Exercise aim: Return exactly the lines from the one containing "Woman training at" through the last line of the records below, both included, and leave out any pictures.

Information given:

::::::::

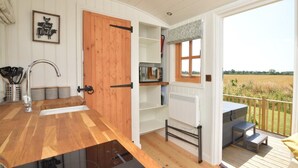 A kitchen with a wooden door, a window, and a view of the outdoors. - 1 Bed in Market Rasen (oc-83847) (Faldingworth)
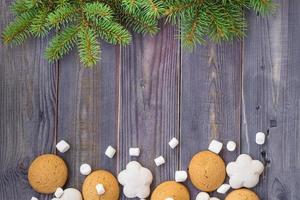 Christmas border with gingerbread, marshmallow and branch of fir tree photo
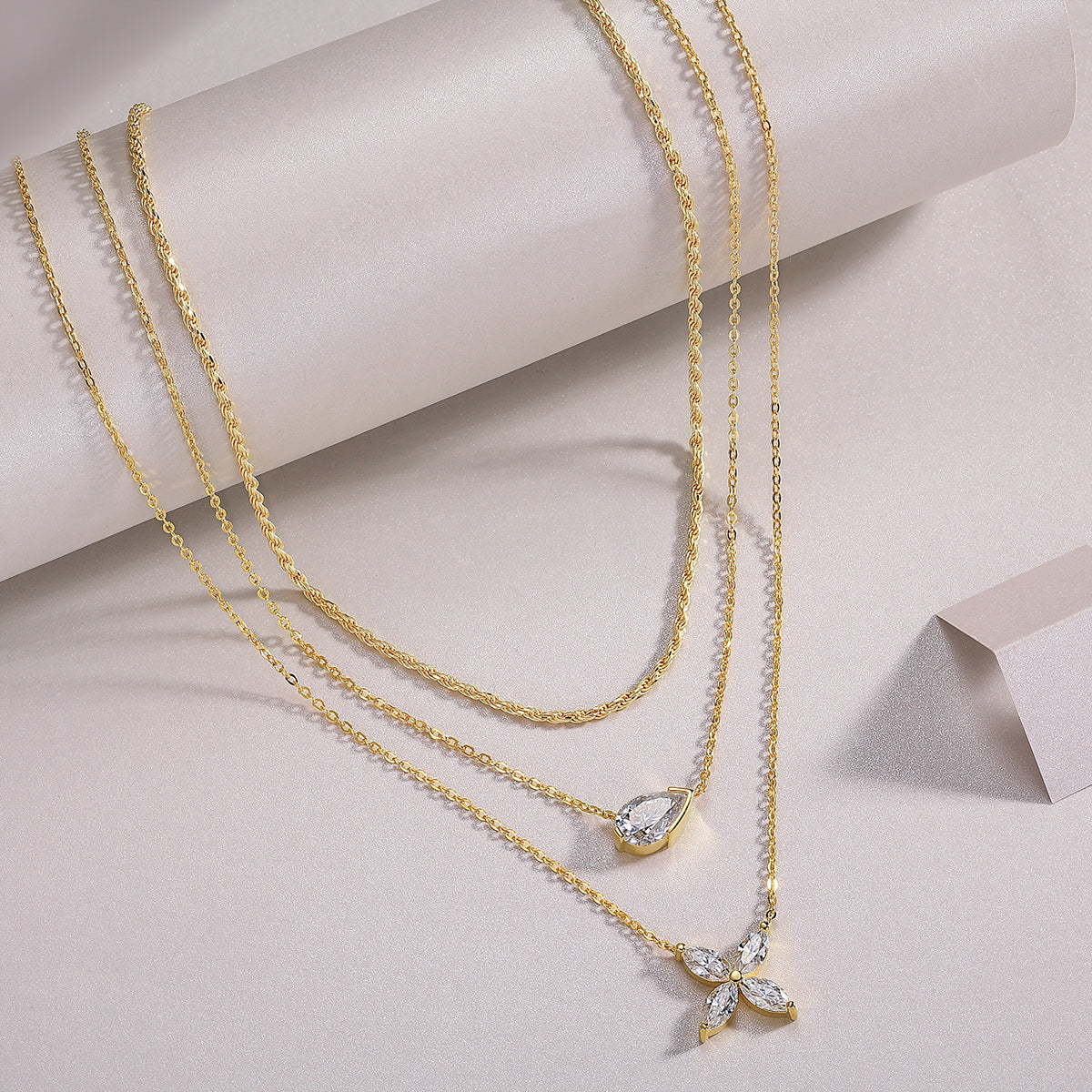 Layered gold-tone necklace set on display: pear-cut stones with small center pendant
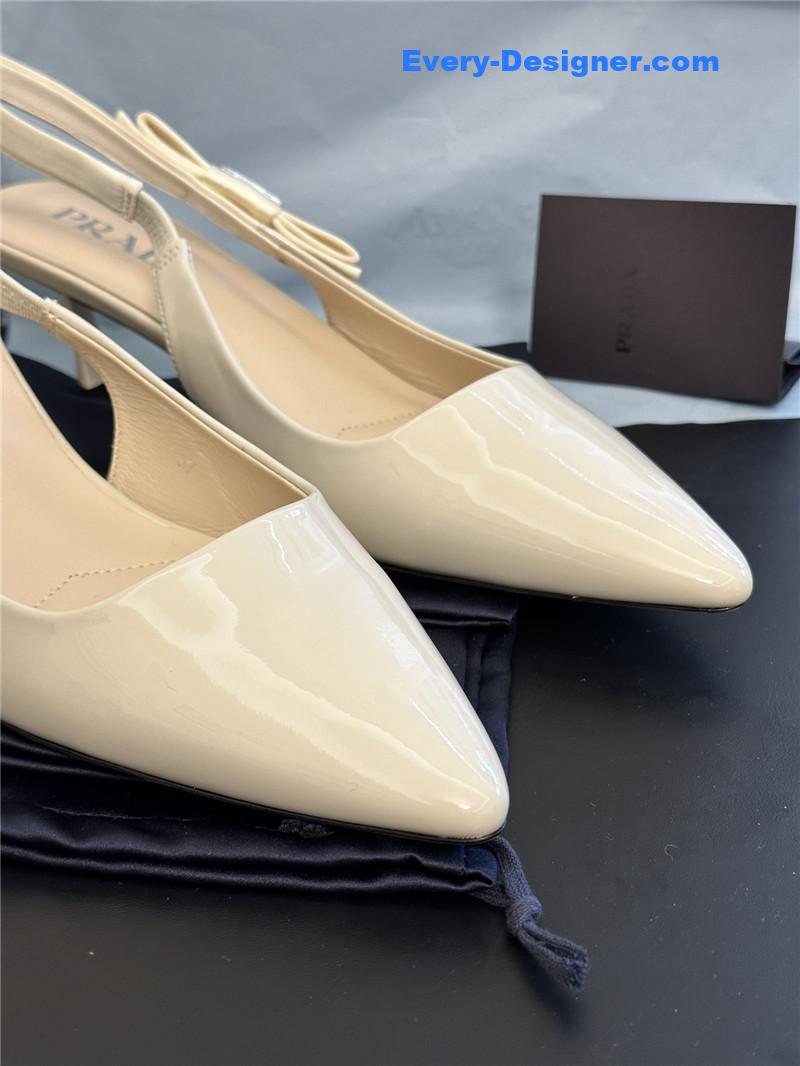 Pra*a paneled satin bow pumps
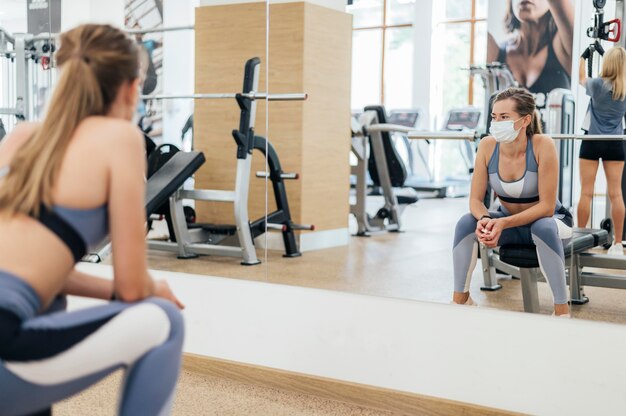 Woman training at the gym during the pandemic with medical mask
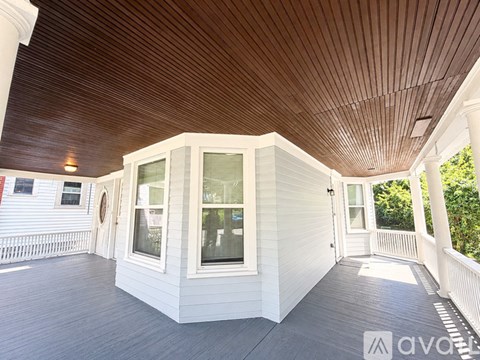 A wooden deck with a white house and a wooden ceiling.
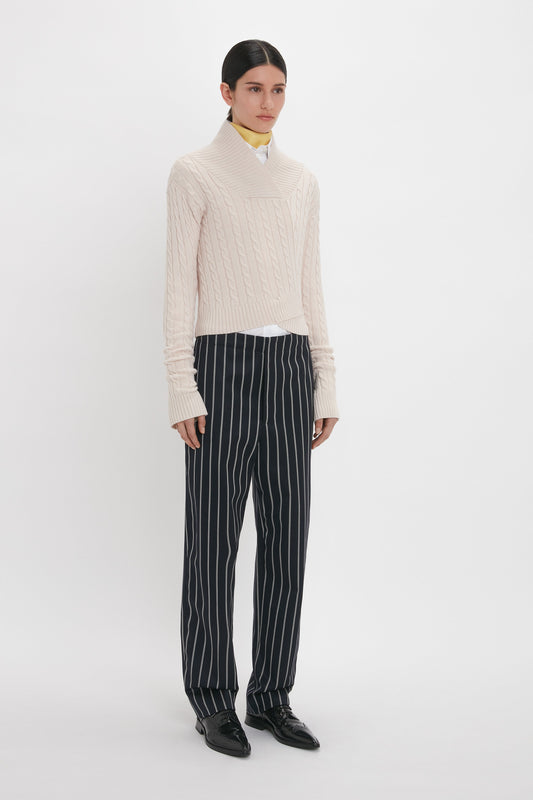 A person stands against a plain background wearing a cream cable-knit sweater and Victoria Beckham's Tapered Leg Trouser In Midnight-White, paired with black shoes.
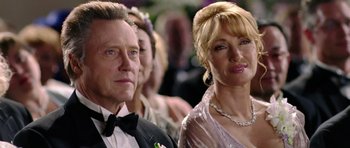 Movie still from “Wedding Crashers” (2005), directed by David Dobkin – A man and a woman standing next to each other in front of a crowd; Close Up shot, Low angle
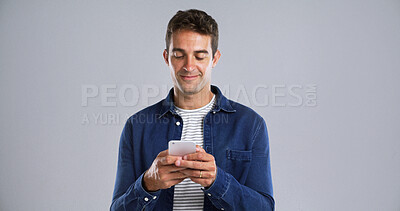 Buy stock photo Smile, mobile and man in studio for text, typing or reading message on white background. Phone, happy person and check email online on app for forum post, response or social media with mockup space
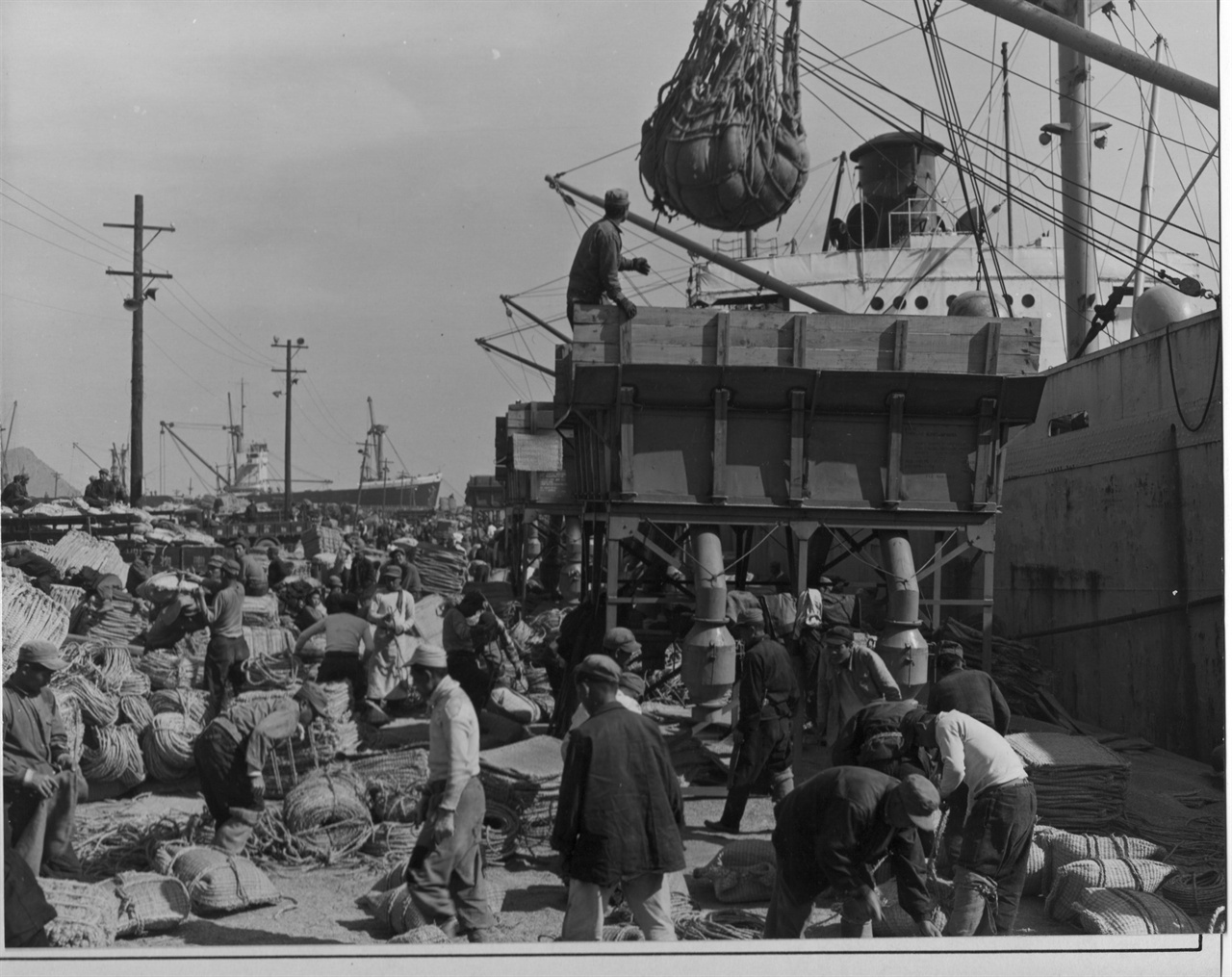  1952. 4. 2. 부산. 부두에서 긴급 구호미로 하역한 양곡을 즉석에서 가마니로 포장하고 있다.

::::::::

Output for this task:
 Woman training at the gym during the pandemic with medical mask
 A wooden deck with a white house and a wooden ceiling.
 A person stands against a plain background wearing a cream cable-knit sweater and Victoria Beckham's Tapered Leg Trouser In Midnight-White, paired with black shoes.
 Movie still from “Wedding Crashers” (2005), directed by David Dobkin – A man and a woman standing next to each other in front of a crowd; Close Up shot, Low angle
 Buy stock photo Smile, mobile and man in studio for text, typing or reading message on white background. Phone, happy person and check email online on app for forum post, response or social media with mockup space
  1952. 4. 2. 부산. 부두에서 긴급 구호미로 하역한 양곡을 즉석에서 가마니로 포장하고 있다.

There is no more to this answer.